Just over four months ago, your humble correspondent made this rather public statement:
Mr. Maley: From Day One of the spill, I’ve seen journalists … trying to force [the story] into an Exxon Valdez template. This is not a Valdez spill. It’s a much lighter grade of crude. It was 50 miles offshore. It took it a month to make it to shore, and once it’s in the marsh — it’s a terrible thing and I am not trying to minimize it, but Mother Nature has ways to take care of it. And my expectation would be that in a few months you would be able to find some impact. In a year, possibly. After a few years….I am not an environmental specialist but my thinking would be that Mother Nature’s gonna take care of it.

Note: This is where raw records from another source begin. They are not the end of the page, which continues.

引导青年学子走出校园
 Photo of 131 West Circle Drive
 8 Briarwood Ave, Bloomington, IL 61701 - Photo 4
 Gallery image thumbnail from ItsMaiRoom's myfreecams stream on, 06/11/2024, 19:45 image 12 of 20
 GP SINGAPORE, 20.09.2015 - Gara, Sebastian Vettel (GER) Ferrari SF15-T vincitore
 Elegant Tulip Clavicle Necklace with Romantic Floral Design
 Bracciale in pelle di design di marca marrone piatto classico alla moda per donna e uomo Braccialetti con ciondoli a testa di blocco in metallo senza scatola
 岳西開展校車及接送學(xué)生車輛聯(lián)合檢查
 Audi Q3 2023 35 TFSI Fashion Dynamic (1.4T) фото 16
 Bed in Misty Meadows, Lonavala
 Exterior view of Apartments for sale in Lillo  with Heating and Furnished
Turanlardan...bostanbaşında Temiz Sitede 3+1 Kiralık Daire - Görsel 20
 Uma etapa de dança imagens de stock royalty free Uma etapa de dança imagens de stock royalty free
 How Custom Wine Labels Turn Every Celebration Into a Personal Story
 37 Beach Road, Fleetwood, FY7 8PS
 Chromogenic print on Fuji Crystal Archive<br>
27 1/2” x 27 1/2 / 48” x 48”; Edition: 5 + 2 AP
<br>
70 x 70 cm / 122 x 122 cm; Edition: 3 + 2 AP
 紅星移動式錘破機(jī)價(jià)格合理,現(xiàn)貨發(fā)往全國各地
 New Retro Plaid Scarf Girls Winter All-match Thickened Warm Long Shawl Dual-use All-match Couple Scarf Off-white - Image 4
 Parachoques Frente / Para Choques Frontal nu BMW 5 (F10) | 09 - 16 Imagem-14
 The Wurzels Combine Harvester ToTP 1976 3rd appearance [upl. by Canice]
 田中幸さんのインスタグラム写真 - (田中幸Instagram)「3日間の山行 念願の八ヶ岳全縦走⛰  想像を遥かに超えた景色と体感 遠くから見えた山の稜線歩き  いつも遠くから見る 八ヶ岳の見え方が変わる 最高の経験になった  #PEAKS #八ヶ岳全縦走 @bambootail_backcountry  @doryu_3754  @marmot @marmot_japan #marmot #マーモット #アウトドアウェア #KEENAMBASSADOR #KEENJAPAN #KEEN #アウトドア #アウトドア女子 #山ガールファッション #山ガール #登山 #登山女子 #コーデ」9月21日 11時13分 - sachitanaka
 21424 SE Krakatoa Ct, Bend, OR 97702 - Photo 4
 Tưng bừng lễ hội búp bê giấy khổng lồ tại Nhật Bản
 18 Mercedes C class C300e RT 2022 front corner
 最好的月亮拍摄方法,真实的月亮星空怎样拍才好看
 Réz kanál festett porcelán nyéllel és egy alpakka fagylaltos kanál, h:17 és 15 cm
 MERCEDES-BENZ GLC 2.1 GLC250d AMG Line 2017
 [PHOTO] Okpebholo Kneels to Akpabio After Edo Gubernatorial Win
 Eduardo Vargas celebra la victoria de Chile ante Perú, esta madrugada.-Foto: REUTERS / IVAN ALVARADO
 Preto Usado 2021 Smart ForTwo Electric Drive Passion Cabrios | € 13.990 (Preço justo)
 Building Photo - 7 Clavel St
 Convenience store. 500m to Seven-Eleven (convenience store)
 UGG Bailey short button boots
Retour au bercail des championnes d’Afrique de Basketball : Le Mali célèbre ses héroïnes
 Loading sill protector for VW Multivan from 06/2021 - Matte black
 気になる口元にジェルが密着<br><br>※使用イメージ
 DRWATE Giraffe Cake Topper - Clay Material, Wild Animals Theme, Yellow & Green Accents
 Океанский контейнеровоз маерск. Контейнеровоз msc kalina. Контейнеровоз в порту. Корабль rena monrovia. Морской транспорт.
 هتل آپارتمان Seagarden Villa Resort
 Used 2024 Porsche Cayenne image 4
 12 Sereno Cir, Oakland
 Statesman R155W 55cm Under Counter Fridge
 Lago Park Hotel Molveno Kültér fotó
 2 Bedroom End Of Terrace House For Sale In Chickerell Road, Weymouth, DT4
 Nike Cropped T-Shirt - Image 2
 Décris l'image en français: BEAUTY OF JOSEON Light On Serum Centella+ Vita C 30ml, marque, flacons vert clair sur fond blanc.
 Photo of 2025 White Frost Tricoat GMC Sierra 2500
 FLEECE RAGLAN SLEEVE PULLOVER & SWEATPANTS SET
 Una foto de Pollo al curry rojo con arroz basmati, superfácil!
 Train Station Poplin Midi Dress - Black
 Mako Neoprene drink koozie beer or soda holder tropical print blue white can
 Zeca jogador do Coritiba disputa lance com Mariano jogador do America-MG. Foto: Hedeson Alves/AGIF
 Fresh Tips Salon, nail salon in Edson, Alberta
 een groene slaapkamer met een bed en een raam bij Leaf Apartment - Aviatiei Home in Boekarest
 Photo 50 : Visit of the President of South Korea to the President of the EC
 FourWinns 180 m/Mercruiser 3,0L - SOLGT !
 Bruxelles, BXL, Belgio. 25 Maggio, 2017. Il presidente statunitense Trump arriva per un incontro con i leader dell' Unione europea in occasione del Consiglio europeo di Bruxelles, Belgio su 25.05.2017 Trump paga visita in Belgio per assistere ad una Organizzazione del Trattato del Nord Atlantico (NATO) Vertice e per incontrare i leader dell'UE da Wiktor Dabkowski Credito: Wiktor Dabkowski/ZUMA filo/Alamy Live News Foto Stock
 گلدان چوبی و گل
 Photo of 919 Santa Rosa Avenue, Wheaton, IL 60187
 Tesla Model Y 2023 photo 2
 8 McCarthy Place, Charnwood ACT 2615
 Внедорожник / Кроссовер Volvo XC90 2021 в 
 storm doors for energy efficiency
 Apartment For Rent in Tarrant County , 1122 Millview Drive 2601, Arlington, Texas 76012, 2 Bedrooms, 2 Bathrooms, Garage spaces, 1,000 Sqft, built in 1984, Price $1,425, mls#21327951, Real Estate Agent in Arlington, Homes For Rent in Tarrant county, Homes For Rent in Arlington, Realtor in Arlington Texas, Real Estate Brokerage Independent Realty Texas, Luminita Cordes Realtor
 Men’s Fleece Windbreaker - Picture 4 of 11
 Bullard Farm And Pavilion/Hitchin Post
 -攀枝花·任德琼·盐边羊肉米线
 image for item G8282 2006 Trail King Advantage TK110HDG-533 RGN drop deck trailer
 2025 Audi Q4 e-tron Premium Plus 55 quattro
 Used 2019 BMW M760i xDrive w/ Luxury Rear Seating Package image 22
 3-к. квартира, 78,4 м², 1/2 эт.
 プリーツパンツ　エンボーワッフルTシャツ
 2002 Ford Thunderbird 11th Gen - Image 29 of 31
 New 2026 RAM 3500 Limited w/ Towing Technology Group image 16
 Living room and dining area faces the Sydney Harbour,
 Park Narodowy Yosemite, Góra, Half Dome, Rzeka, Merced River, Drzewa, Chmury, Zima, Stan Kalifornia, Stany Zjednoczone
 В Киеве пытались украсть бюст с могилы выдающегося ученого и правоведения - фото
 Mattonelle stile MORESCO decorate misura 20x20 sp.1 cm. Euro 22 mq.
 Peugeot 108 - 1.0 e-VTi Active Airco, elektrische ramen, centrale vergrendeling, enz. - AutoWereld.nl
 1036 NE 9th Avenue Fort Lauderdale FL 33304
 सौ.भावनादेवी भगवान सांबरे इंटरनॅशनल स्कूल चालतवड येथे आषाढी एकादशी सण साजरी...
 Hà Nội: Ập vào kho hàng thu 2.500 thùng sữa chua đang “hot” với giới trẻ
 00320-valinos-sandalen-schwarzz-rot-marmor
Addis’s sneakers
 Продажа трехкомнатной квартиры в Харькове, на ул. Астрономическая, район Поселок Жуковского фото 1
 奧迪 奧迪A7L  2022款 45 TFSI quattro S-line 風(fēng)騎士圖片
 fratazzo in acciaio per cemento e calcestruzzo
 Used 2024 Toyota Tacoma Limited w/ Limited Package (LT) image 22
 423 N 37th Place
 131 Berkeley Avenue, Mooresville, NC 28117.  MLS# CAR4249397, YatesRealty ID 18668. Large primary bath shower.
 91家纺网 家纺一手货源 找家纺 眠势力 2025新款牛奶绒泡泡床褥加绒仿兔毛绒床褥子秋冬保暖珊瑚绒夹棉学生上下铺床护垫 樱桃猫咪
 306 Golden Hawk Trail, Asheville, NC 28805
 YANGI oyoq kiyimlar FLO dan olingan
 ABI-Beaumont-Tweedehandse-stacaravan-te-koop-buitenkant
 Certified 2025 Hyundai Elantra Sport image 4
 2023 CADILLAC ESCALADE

How is it that a self-described Energy Whore casually made a more accurate forecast of the spill impact six months out than the entire professional environmental community? What does a guy have to do to gain some credibility?
Seriously, though, this raises a key policy question. Is offshore oil production worth the risk? I say yes.
Can we learn from our mistakes? Certainly. Industry’s track record is one of learning from mistakes. Considered objectively, it is an impressive record.
There are plenty of lessons in the Macondo blowout. The Administration has virtually halted offshore drilling, which is precisely the wrong thing to do.
Cross-posted at VladEnBlog.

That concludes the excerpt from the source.